Exercise requirements: Output the records exactly, with no line skipped.
[[ Exercise materials, beginning ]]
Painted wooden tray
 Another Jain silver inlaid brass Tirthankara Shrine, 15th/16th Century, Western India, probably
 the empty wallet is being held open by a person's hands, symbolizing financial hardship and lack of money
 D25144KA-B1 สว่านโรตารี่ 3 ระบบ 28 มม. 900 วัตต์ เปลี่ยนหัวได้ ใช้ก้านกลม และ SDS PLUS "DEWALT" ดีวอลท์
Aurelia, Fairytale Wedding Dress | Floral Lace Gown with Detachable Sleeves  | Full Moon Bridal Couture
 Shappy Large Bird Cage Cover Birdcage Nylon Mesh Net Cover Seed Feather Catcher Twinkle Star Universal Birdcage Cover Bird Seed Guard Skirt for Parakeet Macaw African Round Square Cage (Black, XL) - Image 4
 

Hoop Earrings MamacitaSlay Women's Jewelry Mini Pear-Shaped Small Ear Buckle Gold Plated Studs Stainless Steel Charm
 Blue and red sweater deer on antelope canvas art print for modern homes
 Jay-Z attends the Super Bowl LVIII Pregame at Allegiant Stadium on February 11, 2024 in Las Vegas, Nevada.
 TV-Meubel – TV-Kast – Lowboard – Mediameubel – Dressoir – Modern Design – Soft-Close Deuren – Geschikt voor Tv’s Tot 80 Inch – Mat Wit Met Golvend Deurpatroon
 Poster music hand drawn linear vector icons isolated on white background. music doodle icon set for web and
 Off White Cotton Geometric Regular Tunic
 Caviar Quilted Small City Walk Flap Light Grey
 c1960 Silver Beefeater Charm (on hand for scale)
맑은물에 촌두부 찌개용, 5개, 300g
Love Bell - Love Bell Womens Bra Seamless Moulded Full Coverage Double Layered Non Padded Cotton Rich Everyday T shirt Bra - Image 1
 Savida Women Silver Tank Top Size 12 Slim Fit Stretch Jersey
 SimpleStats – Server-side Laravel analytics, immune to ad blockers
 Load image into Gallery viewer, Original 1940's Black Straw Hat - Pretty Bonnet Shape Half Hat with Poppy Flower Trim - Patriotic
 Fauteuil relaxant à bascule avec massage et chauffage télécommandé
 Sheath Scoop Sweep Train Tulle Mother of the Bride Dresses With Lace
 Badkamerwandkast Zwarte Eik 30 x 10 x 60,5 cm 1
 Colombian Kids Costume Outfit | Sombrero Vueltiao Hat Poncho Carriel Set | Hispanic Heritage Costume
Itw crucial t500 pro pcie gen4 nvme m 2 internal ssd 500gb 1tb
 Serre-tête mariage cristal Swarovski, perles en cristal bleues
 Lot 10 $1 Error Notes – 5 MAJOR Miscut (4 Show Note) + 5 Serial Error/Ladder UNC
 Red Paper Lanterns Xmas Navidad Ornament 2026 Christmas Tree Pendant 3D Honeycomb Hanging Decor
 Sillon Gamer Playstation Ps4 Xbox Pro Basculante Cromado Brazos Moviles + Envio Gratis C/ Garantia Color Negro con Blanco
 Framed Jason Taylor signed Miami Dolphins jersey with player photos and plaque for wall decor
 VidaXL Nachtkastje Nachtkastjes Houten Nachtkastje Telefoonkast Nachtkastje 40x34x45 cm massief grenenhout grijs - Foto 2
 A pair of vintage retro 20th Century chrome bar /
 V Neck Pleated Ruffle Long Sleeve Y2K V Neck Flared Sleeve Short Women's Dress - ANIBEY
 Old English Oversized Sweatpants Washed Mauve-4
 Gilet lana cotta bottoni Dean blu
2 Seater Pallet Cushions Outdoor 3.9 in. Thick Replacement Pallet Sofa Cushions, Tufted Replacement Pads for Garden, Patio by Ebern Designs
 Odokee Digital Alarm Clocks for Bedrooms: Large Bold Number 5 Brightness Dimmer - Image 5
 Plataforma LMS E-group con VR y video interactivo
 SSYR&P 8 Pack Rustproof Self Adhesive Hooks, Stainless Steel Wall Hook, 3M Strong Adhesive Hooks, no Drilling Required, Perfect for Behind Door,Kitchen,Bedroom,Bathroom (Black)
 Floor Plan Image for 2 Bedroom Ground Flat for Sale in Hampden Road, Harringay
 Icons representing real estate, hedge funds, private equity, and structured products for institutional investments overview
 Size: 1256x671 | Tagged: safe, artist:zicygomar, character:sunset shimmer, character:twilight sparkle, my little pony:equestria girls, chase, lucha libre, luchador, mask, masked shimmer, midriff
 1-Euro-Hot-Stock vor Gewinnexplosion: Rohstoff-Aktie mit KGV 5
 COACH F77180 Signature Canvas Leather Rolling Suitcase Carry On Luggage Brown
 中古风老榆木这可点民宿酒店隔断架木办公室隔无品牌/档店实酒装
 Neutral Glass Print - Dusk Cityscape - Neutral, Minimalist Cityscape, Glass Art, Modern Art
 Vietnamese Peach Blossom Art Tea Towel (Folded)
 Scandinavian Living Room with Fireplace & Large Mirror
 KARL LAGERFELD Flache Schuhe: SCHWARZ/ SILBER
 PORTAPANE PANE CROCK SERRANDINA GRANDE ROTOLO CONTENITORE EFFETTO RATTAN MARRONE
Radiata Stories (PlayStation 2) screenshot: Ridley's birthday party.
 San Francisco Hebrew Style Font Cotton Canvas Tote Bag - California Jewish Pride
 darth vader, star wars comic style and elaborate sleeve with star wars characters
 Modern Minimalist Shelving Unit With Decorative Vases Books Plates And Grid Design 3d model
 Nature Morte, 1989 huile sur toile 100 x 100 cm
[[ Exercise materials, end ]]
Solution:
Painted wooden tray
 Another Jain silver inlaid brass Tirthankara Shrine, 15th/16th Century, Western India, probably
 the empty wallet is being held open by a person's hands, symbolizing financial hardship and lack of money
 D25144KA-B1 สว่านโรตารี่ 3 ระบบ 28 มม. 900 วัตต์ เปลี่ยนหัวได้ ใช้ก้านกลม และ SDS PLUS "DEWALT" ดีวอลท์
Aurelia, Fairytale Wedding Dress | Floral Lace Gown with Detachable Sleeves  | Full Moon Bridal Couture
 Shappy Large Bird Cage Cover Birdcage Nylon Mesh Net Cover Seed Feather Catcher Twinkle Star Universal Birdcage Cover Bird Seed Guard Skirt for Parakeet Macaw African Round Square Cage (Black, XL) - Image 4
 

Hoop Earrings MamacitaSlay Women's Jewelry Mini Pear-Shaped Small Ear Buckle Gold Plated Studs Stainless Steel Charm
 Blue and red sweater deer on antelope canvas art print for modern homes
 Jay-Z attends the Super Bowl LVIII Pregame at Allegiant Stadium on February 11, 2024 in Las Vegas, Nevada.
 TV-Meubel – TV-Kast – Lowboard – Mediameubel – Dressoir – Modern Design – Soft-Close Deuren – Geschikt voor Tv’s Tot 80 Inch – Mat Wit Met Golvend Deurpatroon
 Poster music hand drawn linear vector icons isolated on white background. music doodle icon set for web and
 Off White Cotton Geometric Regular Tunic
 Caviar Quilted Small City Walk Flap Light Grey
 c1960 Silver Beefeater Charm (on hand for scale)
맑은물에 촌두부 찌개용, 5개, 300g
Love Bell - Love Bell Womens Bra Seamless Moulded Full Coverage Double Layered Non Padded Cotton Rich Everyday T shirt Bra - Image 1
 Savida Women Silver Tank Top Size 12 Slim Fit Stretch Jersey
 SimpleStats – Server-side Laravel analytics, immune to ad blockers
 Load image into Gallery viewer, Original 1940's Black Straw Hat - Pretty Bonnet Shape Half Hat with Poppy Flower Trim - Patriotic
 Fauteuil relaxant à bascule avec massage et chauffage télécommandé
 Sheath Scoop Sweep Train Tulle Mother of the Bride Dresses With Lace
 Badkamerwandkast Zwarte Eik 30 x 10 x 60,5 cm 1
 Colombian Kids Costume Outfit | Sombrero Vueltiao Hat Poncho Carriel Set | Hispanic Heritage Costume
Itw crucial t500 pro pcie gen4 nvme m 2 internal ssd 500gb 1tb
 Serre-tête mariage cristal Swarovski, perles en cristal bleues
 Lot 10 $1 Error Notes – 5 MAJOR Miscut (4 Show Note) + 5 Serial Error/Ladder UNC
 Red Paper Lanterns Xmas Navidad Ornament 2026 Christmas Tree Pendant 3D Honeycomb Hanging Decor
 Sillon Gamer Playstation Ps4 Xbox Pro Basculante Cromado Brazos Moviles + Envio Gratis C/ Garantia Color Negro con Blanco
 Framed Jason Taylor signed Miami Dolphins jersey with player photos and plaque for wall decor
 VidaXL Nachtkastje Nachtkastjes Houten Nachtkastje Telefoonkast Nachtkastje 40x34x45 cm massief grenenhout grijs - Foto 2
 A pair of vintage retro 20th Century chrome bar /
 V Neck Pleated Ruffle Long Sleeve Y2K V Neck Flared Sleeve Short Women's Dress - ANIBEY
 Old English Oversized Sweatpants Washed Mauve-4
 Gilet lana cotta bottoni Dean blu
2 Seater Pallet Cushions Outdoor 3.9 in. Thick Replacement Pallet Sofa Cushions, Tufted Replacement Pads for Garden, Patio by Ebern Designs
 Odokee Digital Alarm Clocks for Bedrooms: Large Bold Number 5 Brightness Dimmer - Image 5
 Plataforma LMS E-group con VR y video interactivo
 SSYR&P 8 Pack Rustproof Self Adhesive Hooks, Stainless Steel Wall Hook, 3M Strong Adhesive Hooks, no Drilling Required, Perfect for Behind Door,Kitchen,Bedroom,Bathroom (Black)
 Floor Plan Image for 2 Bedroom Ground Flat for Sale in Hampden Road, Harringay
 Icons representing real estate, hedge funds, private equity, and structured products for institutional investments overview
 Size: 1256x671 | Tagged: safe, artist:zicygomar, character:sunset shimmer, character:twilight sparkle, my little pony:equestria girls, chase, lucha libre, luchador, mask, masked shimmer, midriff
 1-Euro-Hot-Stock vor Gewinnexplosion: Rohstoff-Aktie mit KGV 5
 COACH F77180 Signature Canvas Leather Rolling Suitcase Carry On Luggage Brown
 中古风老榆木这可点民宿酒店隔断架木办公室隔无品牌/档店实酒装
 Neutral Glass Print - Dusk Cityscape - Neutral, Minimalist Cityscape, Glass Art, Modern Art
 Vietnamese Peach Blossom Art Tea Towel (Folded)
 Scandinavian Living Room with Fireplace & Large Mirror
 KARL LAGERFELD Flache Schuhe: SCHWARZ/ SILBER
 PORTAPANE PANE CROCK SERRANDINA GRANDE ROTOLO CONTENITORE EFFETTO RATTAN MARRONE
Radiata Stories (PlayStation 2) screenshot: Ridley's birthday party.
 San Francisco Hebrew Style Font Cotton Canvas Tote Bag - California Jewish Pride
 darth vader, star wars comic style and elaborate sleeve with star wars characters
 Modern Minimalist Shelving Unit With Decorative Vases Books Plates And Grid Design 3d model
 Nature Morte, 1989 huile sur toile 100 x 100 cm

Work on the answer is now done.